Fixing the highest number of bugs is not a measure of software quality.
There is no correlation between fixed bugs and remaining bugs in any software product
There is no correlation between fixed bugs and remaining bugs in any software product
Well..there can only be a finite amount of bugs in any app. It’s more like there is no correlation between the number of fixed bugs and the quality of the software product. If _all_ the bugs in the product were known in detail then one could say something about the quality but , alas, that is simply an impossibility..
Sort of. Lets take an OS like SkyOS it does not really have anyone looking for security related bugs. Maybe the author and 1 or 2 others but they are focused on developing the software not finding security flaws. So in this scenario we can say nothing about the code from a security point of view because no one is looking for flaws.
No at the other end of the spectrum you have Microsoft OS’s (XP SP2 and greater). This software has thousands – if not more – highly skilled people looking for flaws. The number of people looking for flaws is strongly correlated to the number of flaws found i.e. it does not explain all the variability in flaws found but is explains a lot of it. It therefore follows that if the number of flaws found is decreasing and if the number of people looking for flaws is constant or increasing then the quality from a security point of view is increasing.

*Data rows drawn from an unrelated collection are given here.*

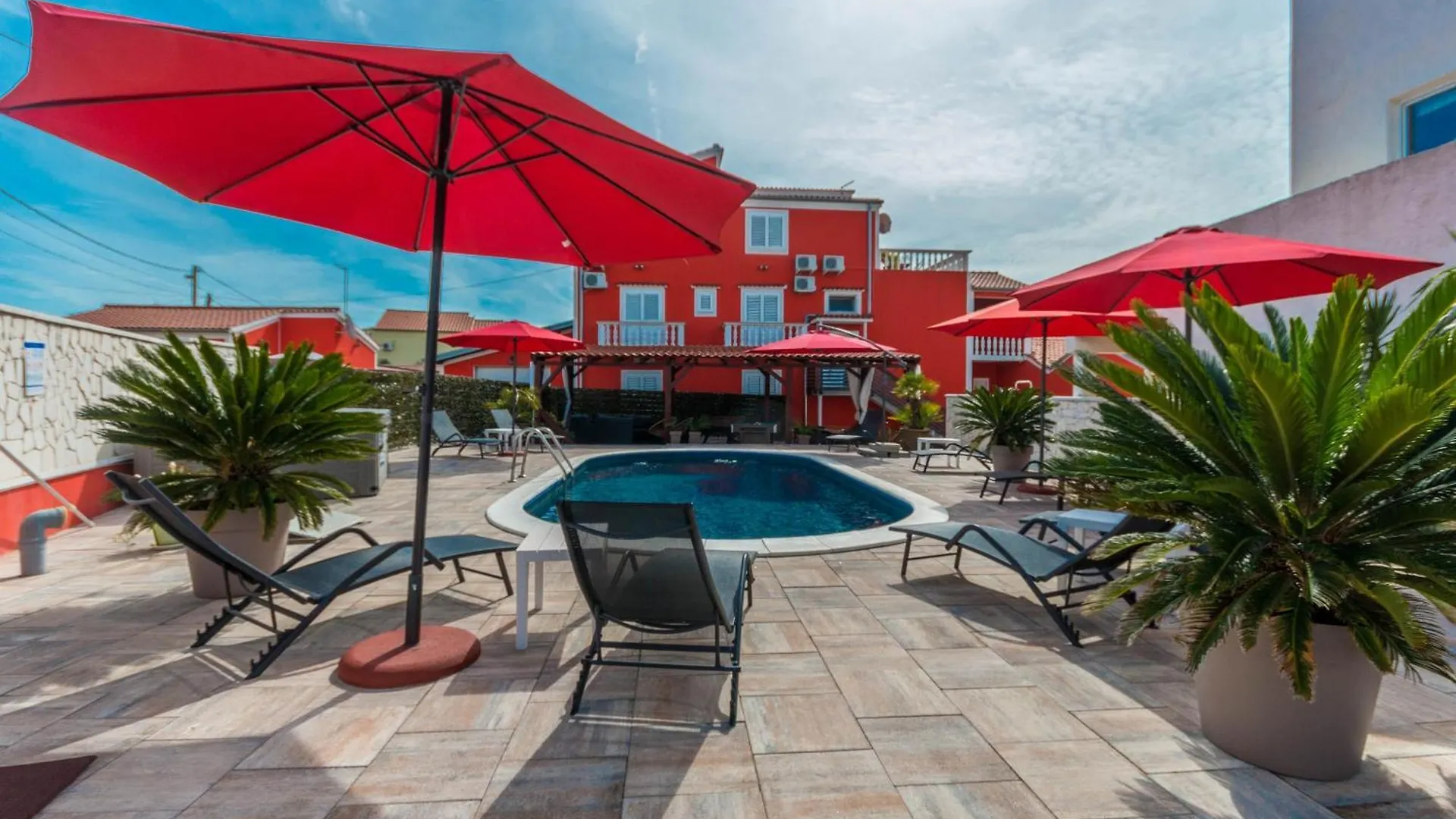 Xxxl Villa Ancora With Heated Pool 图兰杰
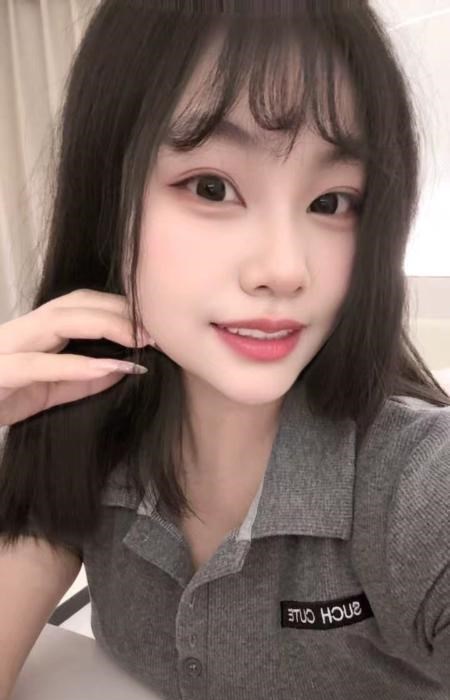 甜美且巨乳的伊伊 图片 3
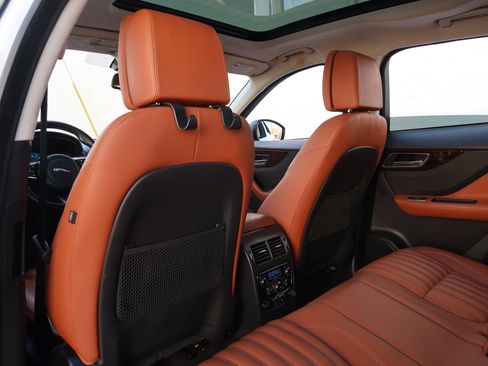 Used 2018 Jaguar F-PACE Portfolio image 40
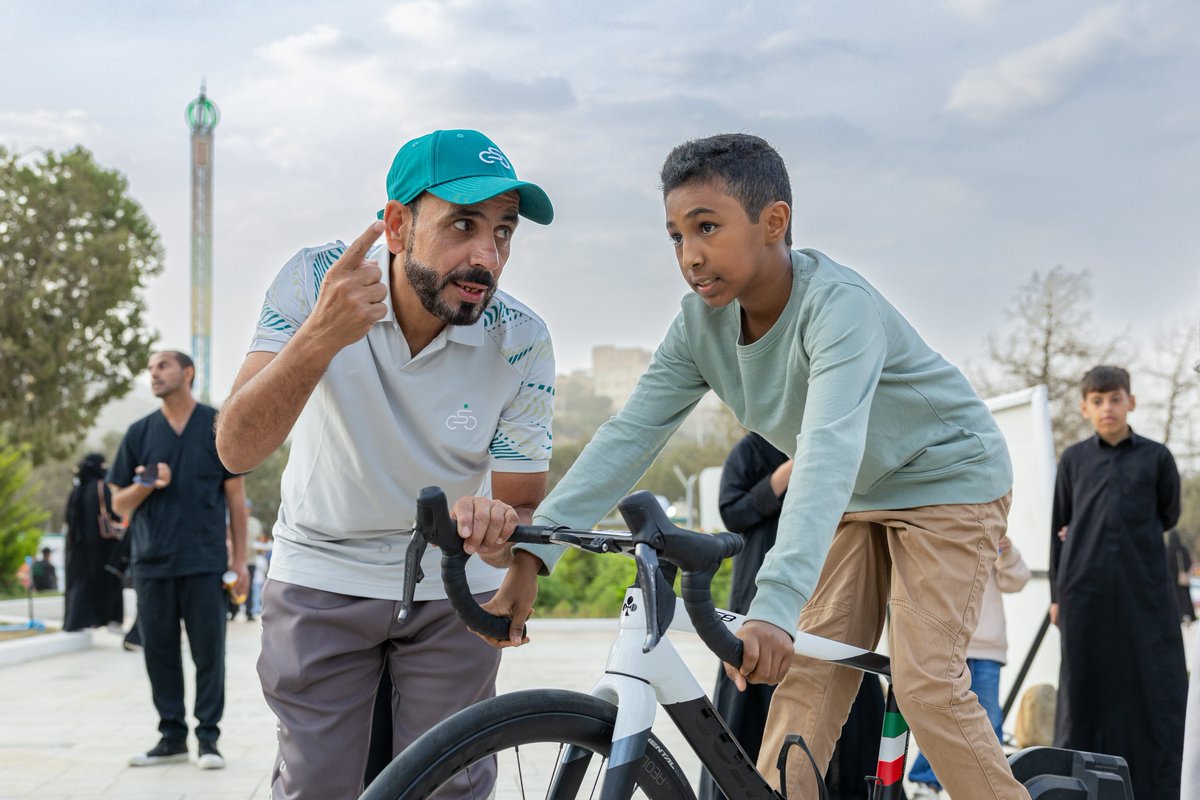 Saudi_Cycling's tweet photo. أجواء صنعتها مشاركتكم… وزادتها ابتساماتكم جمالًا🚴🏻‍♂️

Now lets look at MacOS. The number of people looking for MacOS related security flaws has increased dramatically as the market share has increased. Still it is likely that they don’t have anywhere near the number of people looking for flaws as Windows does. Now MacOS includes a lot of software they didn’t write but still based on the oder of magnitude difference in flaws it is highly probable the the quality for software from a security point of view is far better in Windows than MacOS currently.
Of course you are still safer using MacOS than Windows beause MacOS is not a target yet. So I am sure Apple will get their house in order in time.
Here is an interesting article which shows why people at zdnet get it wrong and what they wrote is flawed. Some sort of truth in this world of BS.
http://www.roughlydrafted.com/2007/12/21/vista-vs-mac-os-x-security…
I tried to submit this article as a news to osnews but it was not published. I guess Holwerda prefers to publish stupid and poor researched article from zdnet for the purpose of flaming wars in osnews forums, right?